Listen Without Distraction
Outside the post office in Bor-Urt, a handful of men clump around a pool table, its felt top sun-ravaged and mangy, the men’s faces weathered from living in a world without trees. When I step outside they stare, each man a finger in a fist, and the one slumped in the ratty camping chair at the head of the table is the thumb. I glance at the digital watch the Rinpoche hands me last night, its plastic band already cracked, the thing used. I know it is a necessity, that I must have it for the places I am to journey to in my search that must not fail. Nevertheless I feel like one of the wild horses foreign researchers shoot down with arrow guns, the animal succumbing so that the researcher can fix the radio collar around its neck, the collar eventually becoming a part of the body. After just a few hours in the July light, the skin around my wrist is already somewhat paler than the rest of me, though like the planets and the summer sun, nothing is permanent.

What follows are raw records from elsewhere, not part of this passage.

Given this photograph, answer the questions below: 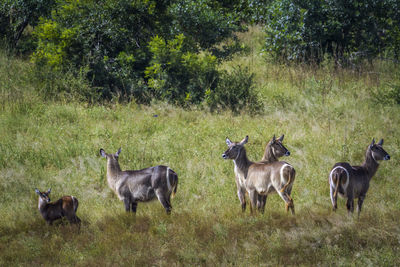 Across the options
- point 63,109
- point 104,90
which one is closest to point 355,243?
point 63,109

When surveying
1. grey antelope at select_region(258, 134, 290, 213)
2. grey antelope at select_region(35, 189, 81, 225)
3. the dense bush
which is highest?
the dense bush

It is ten in the morning. The main road through Bor-Urt periodically billows with dust as a breeze blows through town. The men stare at me and then look away. Someone spits in the dirt. Hidden in the folds of my robe there is a bag filled with more
tögrög than they can earn in six months or even a year if the winter is harsh. Normally they would be out on the grasslands, out watching their flocks or herding them in for one of the two daily milkings, but today they drive the many kilometers into Bor-Urt on their motorbikes to bring their wives in to do the shopping. The men huddle idly around the table as men often do as they wait for women. Men with time on their hands, looking to establish their status among their kind.
I step out of the post office, and their faces fall. I am not what they want. I am a novice of the Yatuugiin Gol monastery, a monk who lives in the shadow of the sleeping volcano. As it is mid-morning, the mail truck I am to ride to Ulaanbaatar on the first stage of my journey is not scheduled to arrive for hours. Thirteen hundred years ago Shantideva tells us the only source of happiness in the universe is the cherishing of the other. Silently I approach the table and nod.

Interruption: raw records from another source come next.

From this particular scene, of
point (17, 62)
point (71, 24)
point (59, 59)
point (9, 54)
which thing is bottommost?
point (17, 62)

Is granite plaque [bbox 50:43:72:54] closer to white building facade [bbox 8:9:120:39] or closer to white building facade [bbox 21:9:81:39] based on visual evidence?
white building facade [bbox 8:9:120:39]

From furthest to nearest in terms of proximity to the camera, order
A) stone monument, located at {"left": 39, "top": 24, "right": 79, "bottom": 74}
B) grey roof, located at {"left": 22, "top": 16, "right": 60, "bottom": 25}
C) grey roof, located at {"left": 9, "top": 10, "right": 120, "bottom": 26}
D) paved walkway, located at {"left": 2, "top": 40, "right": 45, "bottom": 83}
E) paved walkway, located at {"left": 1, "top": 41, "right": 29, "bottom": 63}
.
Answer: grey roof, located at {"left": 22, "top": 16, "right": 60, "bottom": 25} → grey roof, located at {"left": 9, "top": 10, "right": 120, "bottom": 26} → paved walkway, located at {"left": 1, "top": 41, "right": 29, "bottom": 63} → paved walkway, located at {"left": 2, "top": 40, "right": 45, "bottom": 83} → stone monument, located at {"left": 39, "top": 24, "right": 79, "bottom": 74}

Brother, booms the one enthroned in the camping chair. He is sitting with his legs spread wide, a toothpick in his fingers as he works at his teeth. Something in the lackadaisical arrangement of his limbs reminds me of Mun, Mun’s long black hair often loose like a horse’s mane. I only play for money, the man says.
A good policy, I say. I lay ₮2,000 on the table.
Ten minutes later and I can tell the others do not know who to root for—the one who sits outside the post office each day looking to deprive the local herdsmen of their money or me, a young monk from Yatuu Gol in his simple red robe. My body wavers like a flame in the summer heat. On the faded table the balls roll and crack like stars.